Comics and High Art
Phew, unbelievably busy day here. Apparently, there’s some big holiday coming up and everyone wants work done early. Wow, who know, right?
So I don’t really have time for a proper blog post today. But here’s a very interesting article I ran across this morning about a museum exhibit examining the art and history of the modern graphic novel.
Nearly 30 years ago, the noted cartoonist Will Eisner published a long-form comic book and called it a “graphic novel.” The literary world hasn’t been quite the same since.
More than 200 pages long, Eisner’s 1978 book, “A Contract With God,” stands as a landmark in a genre that today is eclipsing traditional comics and making serious inroads into mainstream publishing – not to mention attracting the deep-pocketed attention of Hollywood.
Excerpts from “A Contract With God” – an account of the artist’s gritty boyhood in the Bronx – anchor a captivating exhibition at the Norman Rockwell Museum in Stockbridge, Mass.

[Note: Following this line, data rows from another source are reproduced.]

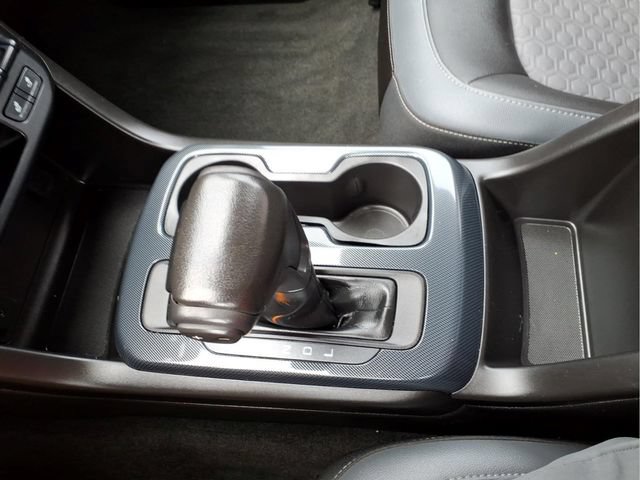 Used 2018 Chevrolet Colorado Z71 w/ Centennial Edition AWD/4WD image 23
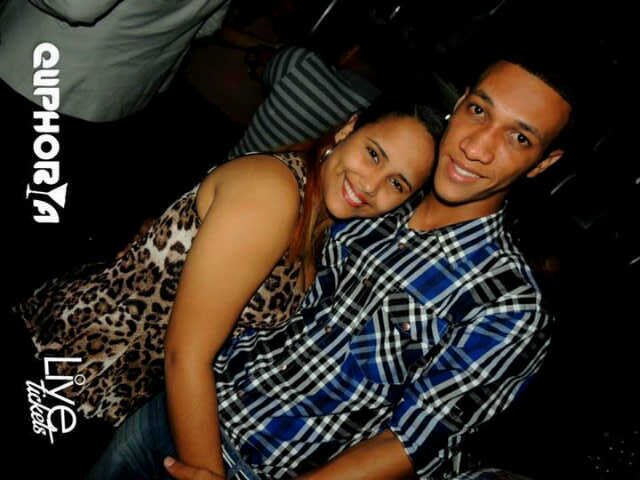 Jugador;del!Canchita:;Team. ILove♥The Basketball. PING 24E00442. Love 'Yow '@jamileortega16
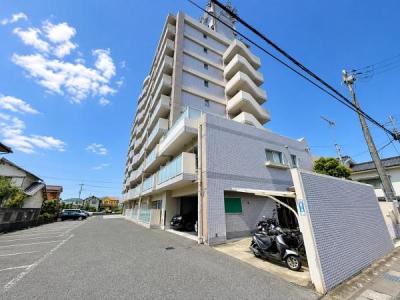 大津区天満399, クリーンピア大津天満704, 姫路市, Hyogo 671-1143, Japon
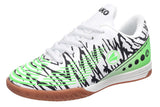 Fußballschuh Indoor J-SI-Nehmen | Jako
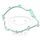 Generator cover gasket ATHENA S410485017079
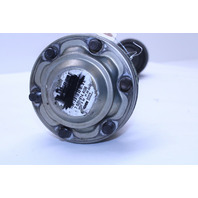 2001-2006 BMW X5 E53 Rear Axle Shaft CV Joint 33207500914 OEM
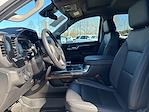 2023 Chevrolet Silverado 1500 Crew Cab 4WD Pickup for sale #2CT2557A - photo 9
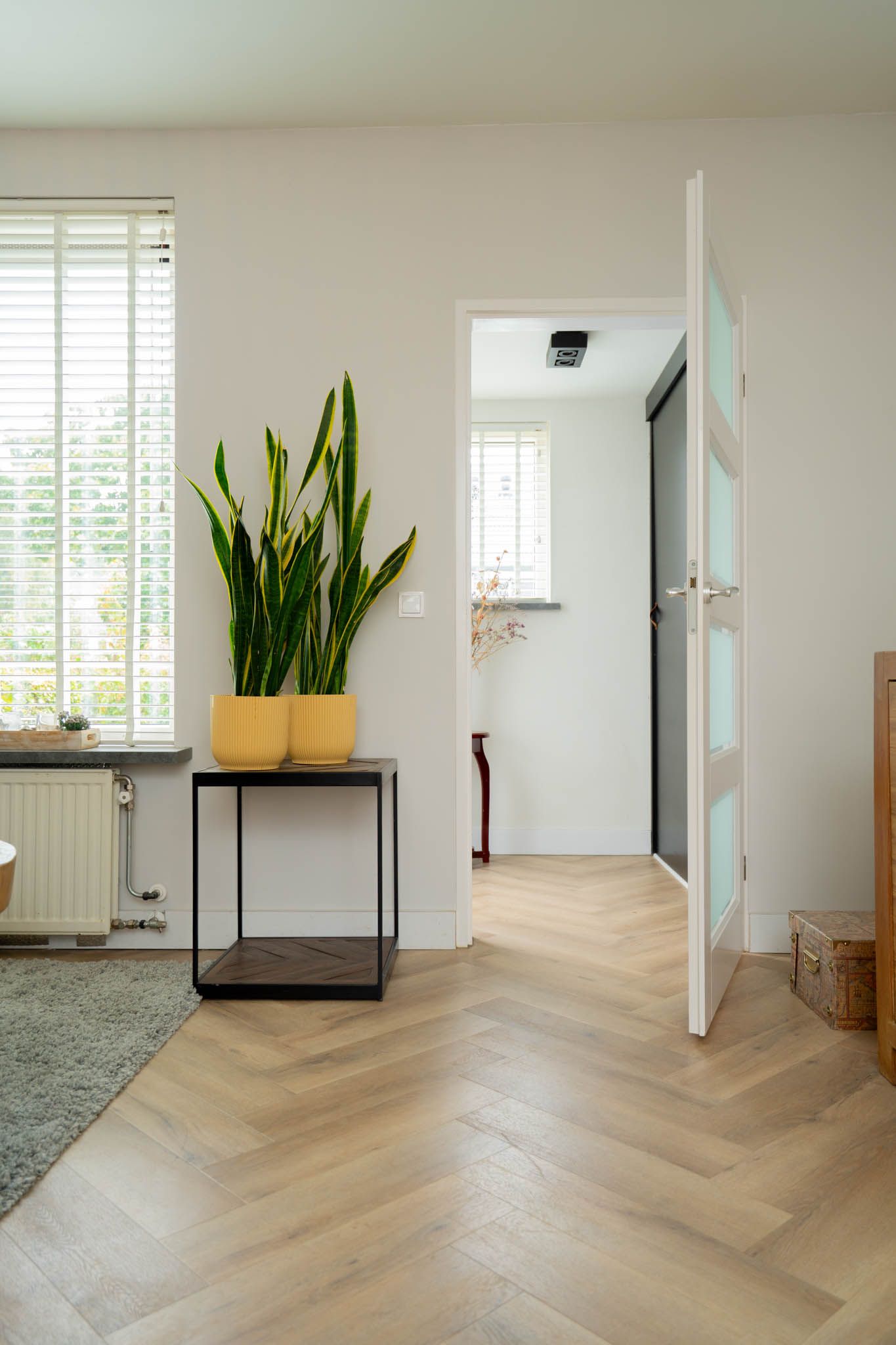 Foto 5 van Heijtsveld 66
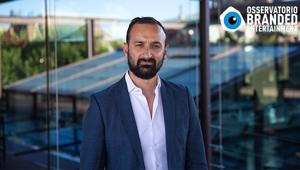 #BrandToBE con Massimiliano Trisolino (Connexia): "Cresce il ruolo sociale dei marchi. Il branded entertainment alleato per raccontare storie e dare al purpose un significato autentico e profondo"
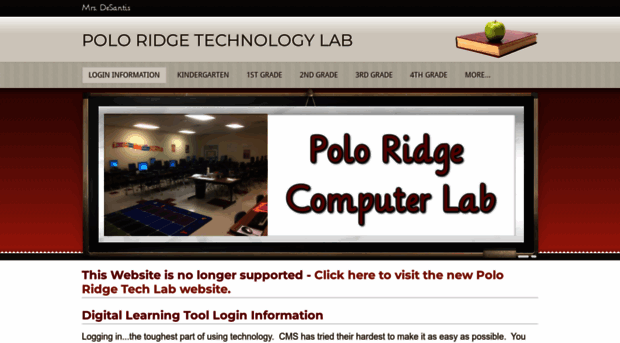 polotechnologylab.weebly.com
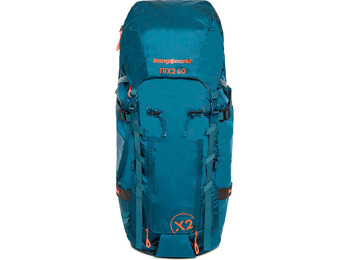 Sac à dos Trangoworld Trx2 60 Pro DR 710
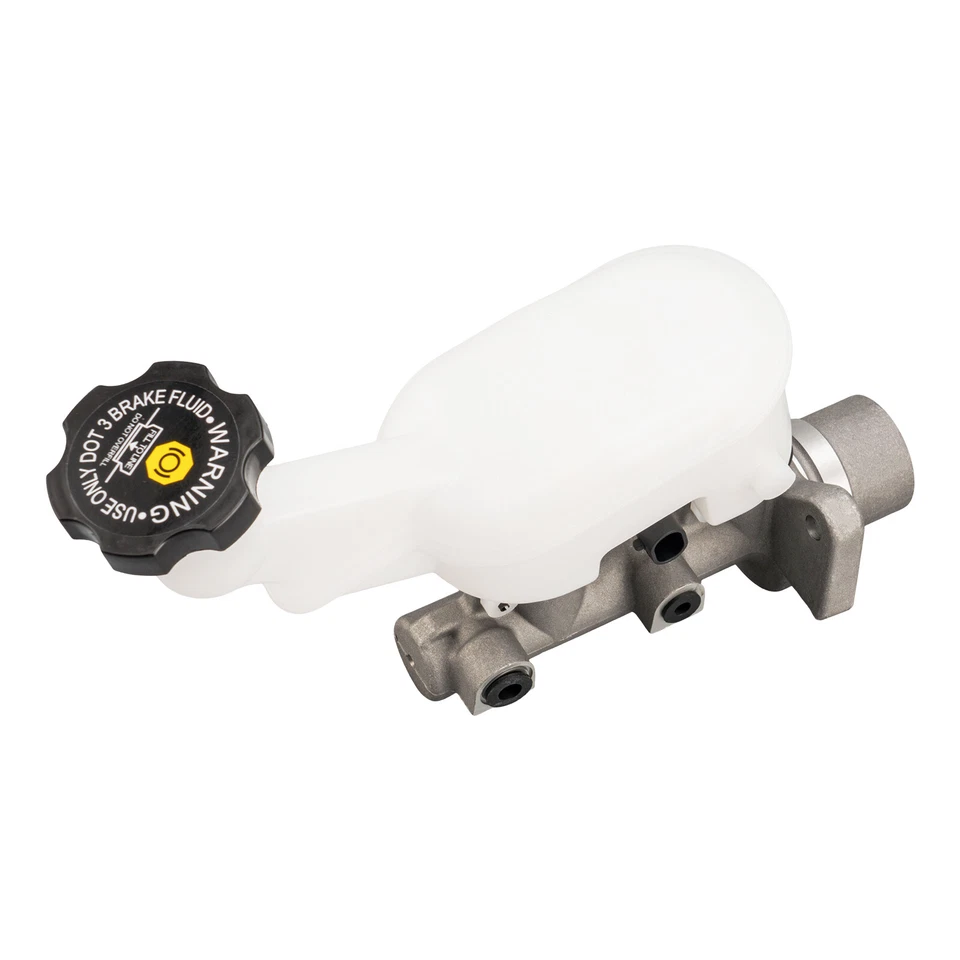 Cilindro maestro de freno con depósito para Chevy Cobalt 05-08 Pontiac G5 Pursuit ZC Foto 3 de 4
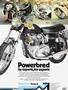 Page: - 115 | Cycle World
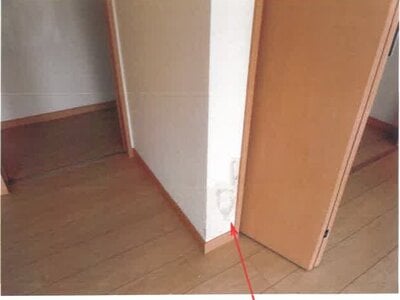 宮崎県都城市 万ヶ塚駅20分 戸建て 465万円の競売物件 #12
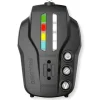Centrale Prologic Element Com-Pact Receiver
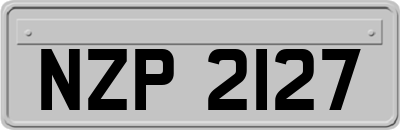 NZP2127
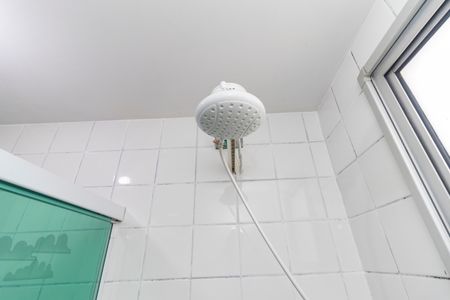 Apartamento à venda com 45m², 2 quartos e 1 vagaBanheiro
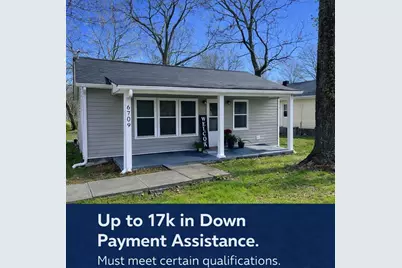 6706 Clark Street, Douglasville, GA 30134 - Photo 1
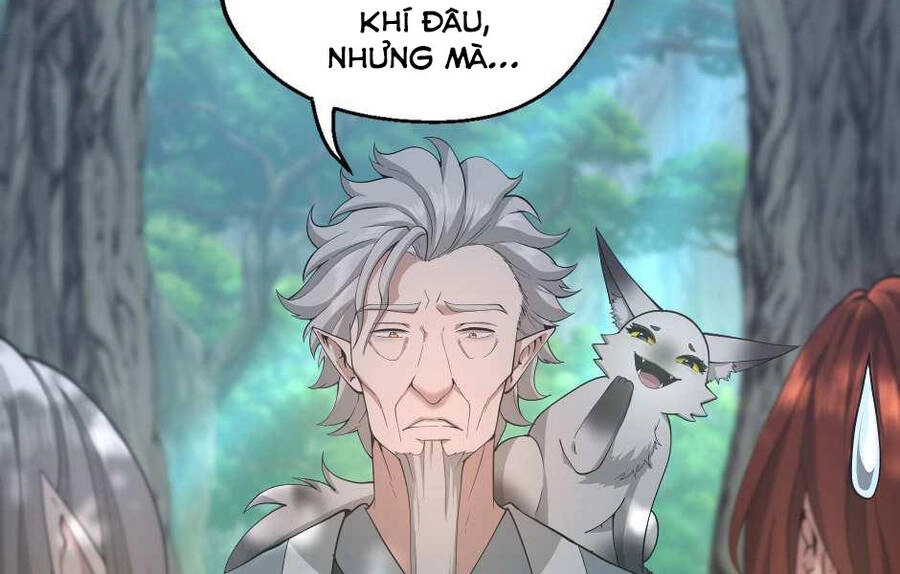 Ánh Sáng Cuối Con Đường Chapter 129 - 14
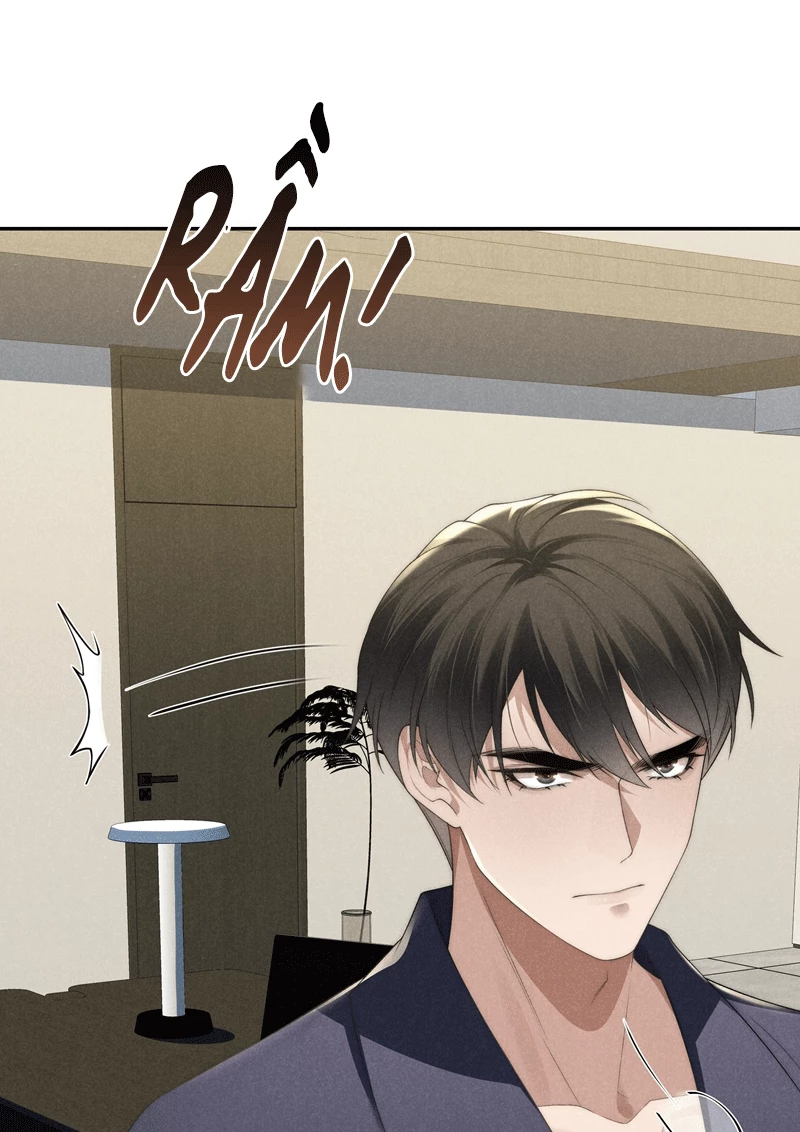 Thiếu Gia Không Ngoan Chapter  17 - 47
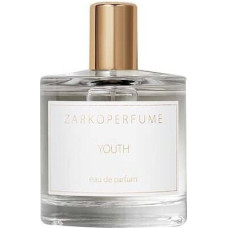 Parfimērijas ūdens Zarkoperfume Youth EDP sievietēm, 100 ml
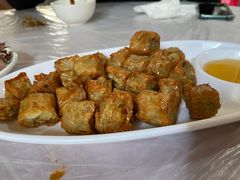 -车头老二大排档(金城步行街店)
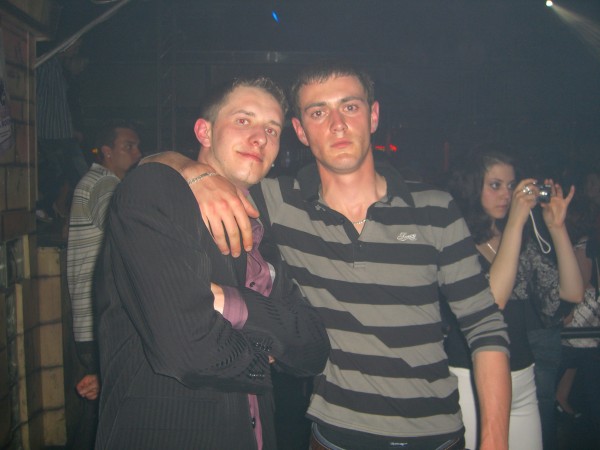 2007 04 21 051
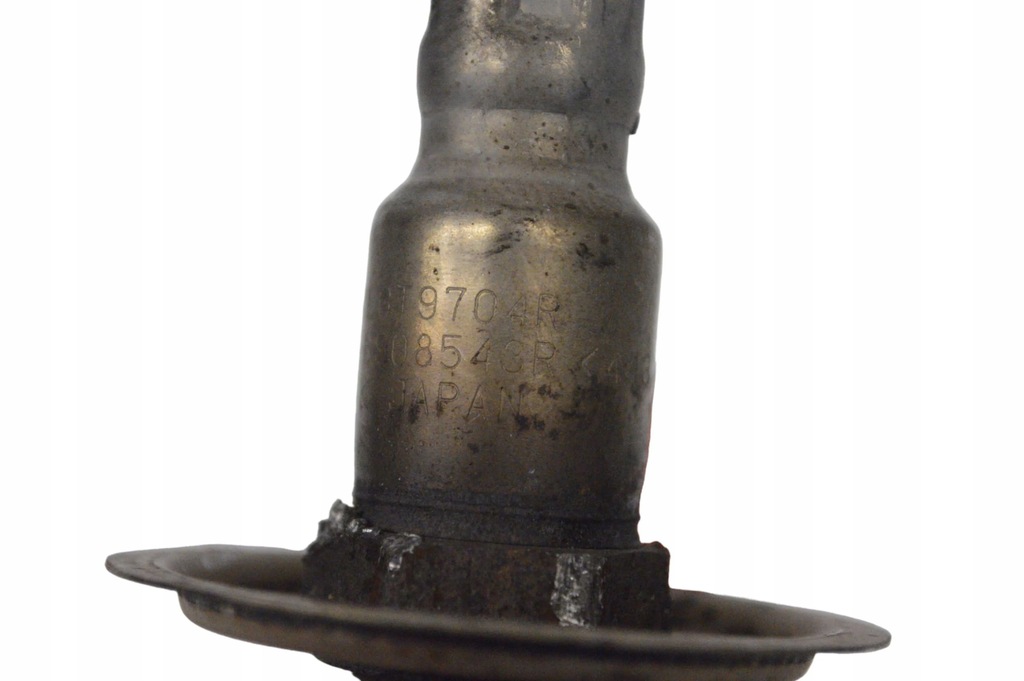 фото №6, Nissan micra k14 2019 датчик лямбда-зонд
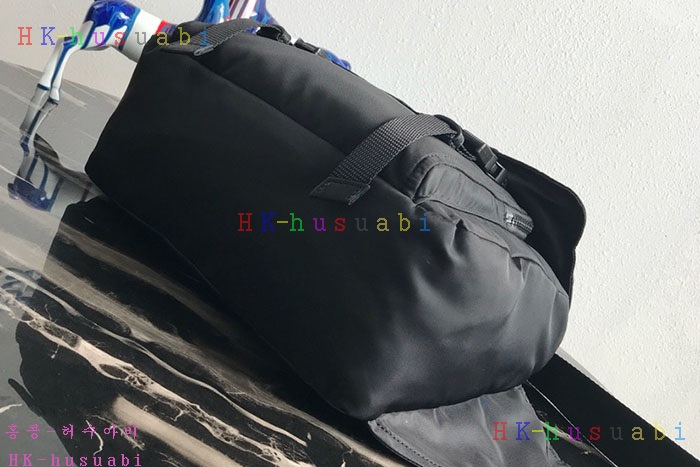 �ڹ̷��ޡ������ ���ڳ� ��Ʈ�� P 1BL015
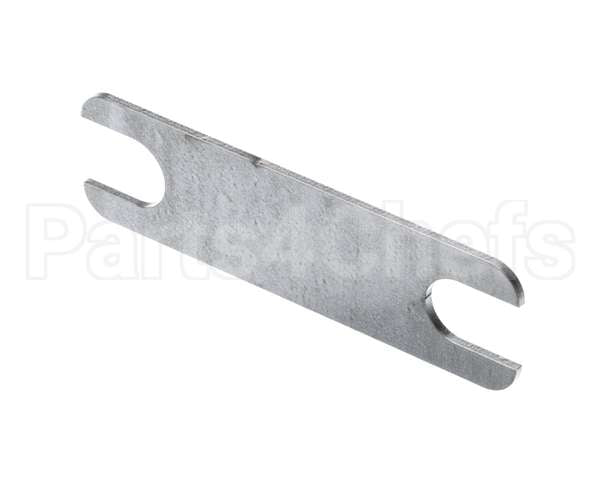 3A8298-01 Hoshizaki Wrench-Door Reversal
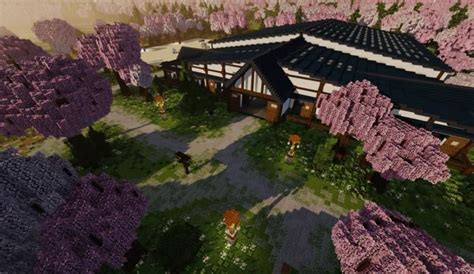 40 Swem ideas in 2025 | minecraft horse, horse barn designs, horse barns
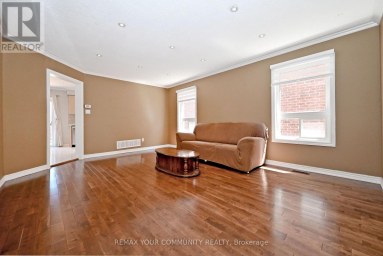 73 LAURENDALE AVENUE Georgina (Keswick South) Ontario photo 5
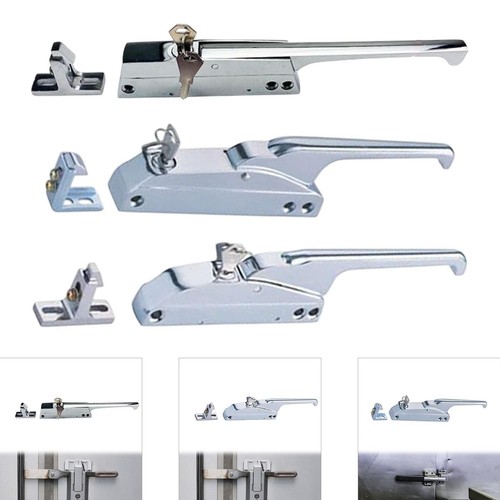 Set maniglie per - maniglie, walk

Although the exhibition reaches back to the beginning of the 20th century, “LitGraphic: The World of the Graphic Novel” shows how things took a major turn in the 1960s, when counterculture artists, fed up with the corporate, sanitized adventures of Batman and Archie, began crafting graphic novels that were edgy, racy and often confrontational.
Much more there — make sure you go read the rest.
The article mentioned Will Eisner’s “A Contract with God” — which is as good an excuse as any to recommend you make every effort to read some of Eisner’s comics. A lot of comic geeks have already read some of them, but Eisner’s works are extremely accessible, even for folks who aren’t really into comics. Eisner is considered the comics industry’s very best storyteller ever, so don’t miss out on his stuff.